Several officials spoke on condition of anonymity to discuss intelligence information.
Bin Laden's role in the European plot was first reported by NPR.
Counter-terrorism officials said that they are now working under the assumption that bin Laden played a role in the plotting, but they would not detail what indications they've seen that lead them in that direction.
One senior US official, meanwhile, discounted any involvement in the Europe terror plot by al-Qaida's North African affiliate. While al-Qaida in the Islamic Maghreb is very dangerous in its region and may want to export its terror operations to Europe, there are no indications that it is able to do that at this time, said the official.
A Pakistani intelligence official said Thursday that eight Germans and two British brothers are at the heart of the terror plot, which is still in its early stages. One of the Britons was killed in a recent CIA missile strike, he said.

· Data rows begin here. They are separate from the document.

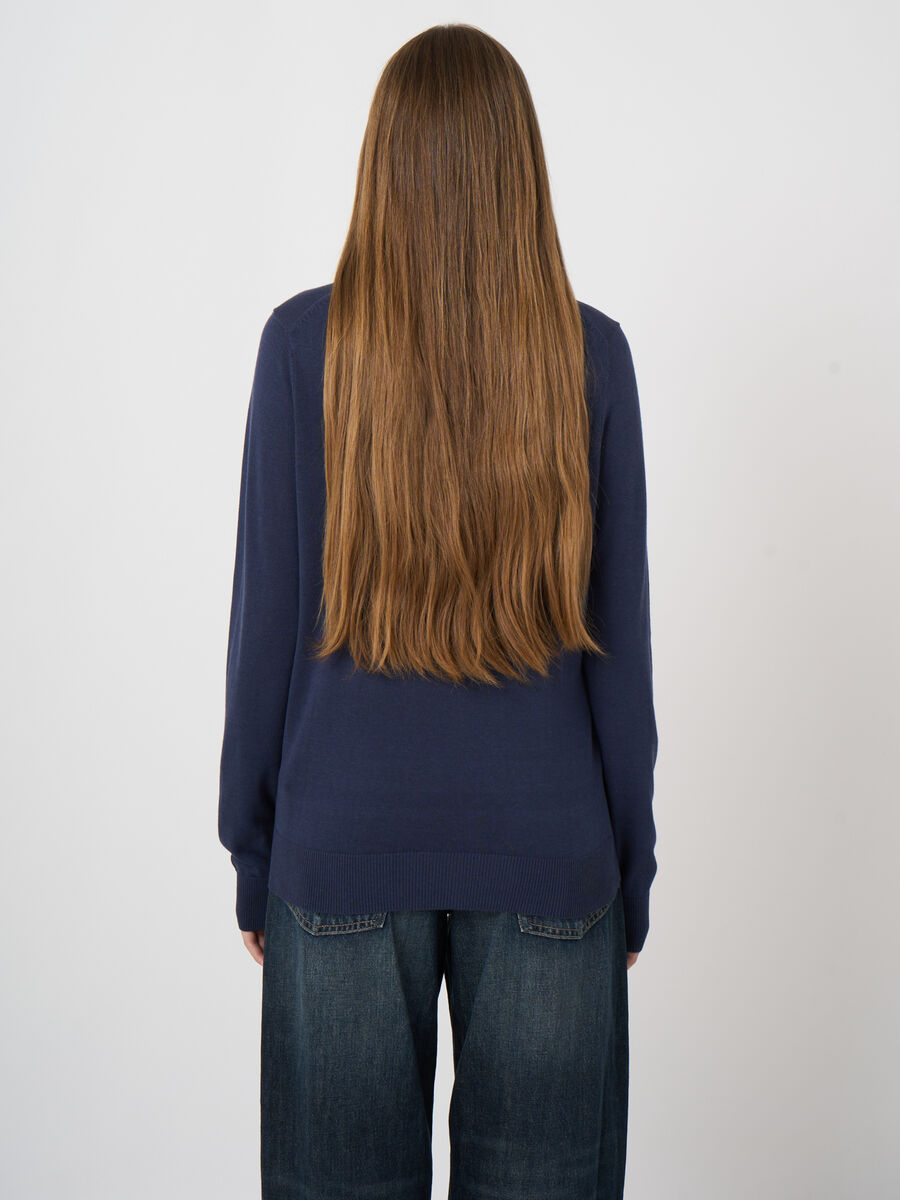 Fine-knit cotton-blend v-neck sweater image number 3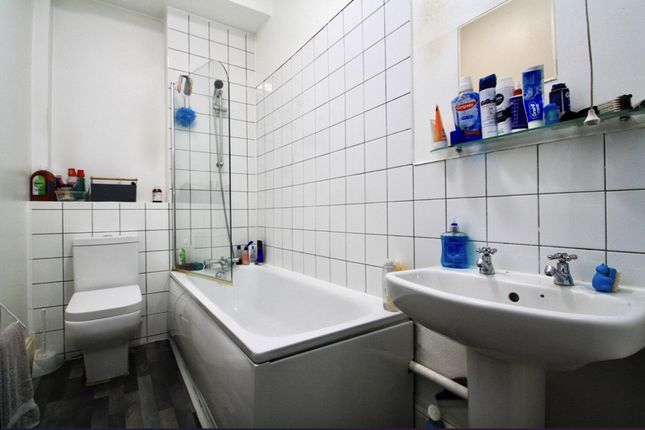Room 2, 3b Church Road,, Church Road, London photo 3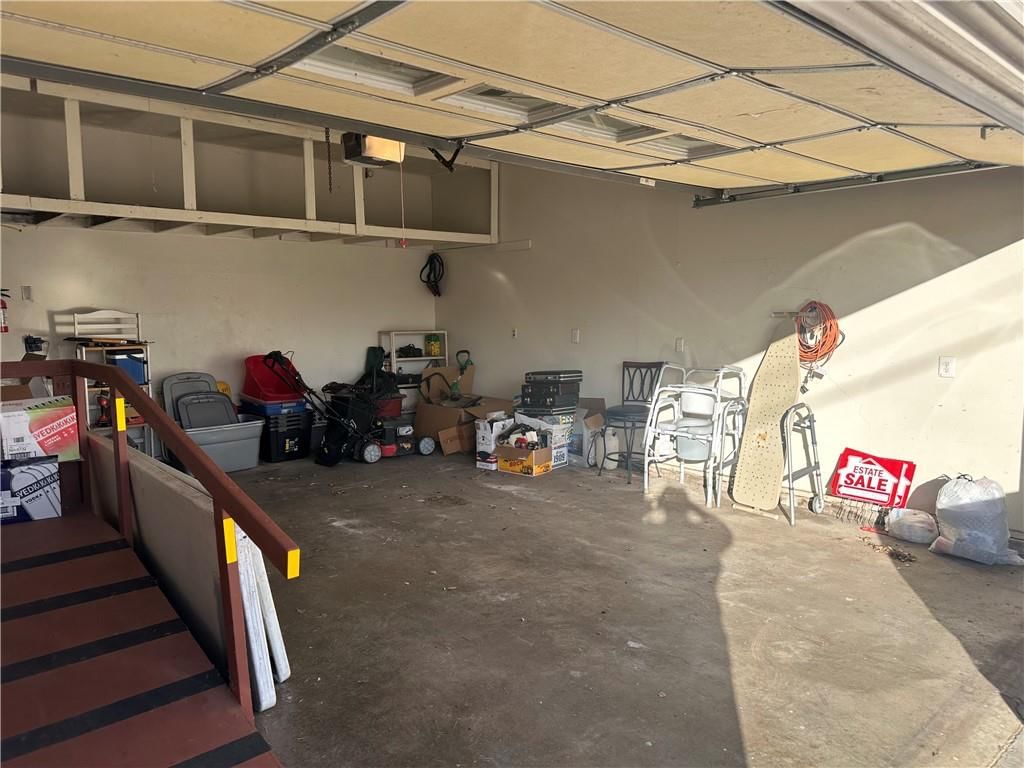 401 N Parkview Ave. Street — photo 34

Pakistan, Britain and Germany are tracking the suspects and intercepting their phone calls, the official told The Associated Press on condition of anonymity because he was not authorized to release the information to the media.
The US has dramatically stepped up its missile attacks in North Waziristan, and is believed to have launched at least 21 this month. The covert campaign is largely carried out by CIA drones, and has led to the deaths of a number of top militant leaders.
Pakistan has complained vocally about the program but is believed to provide intelligence assistance for at least some of the strikes.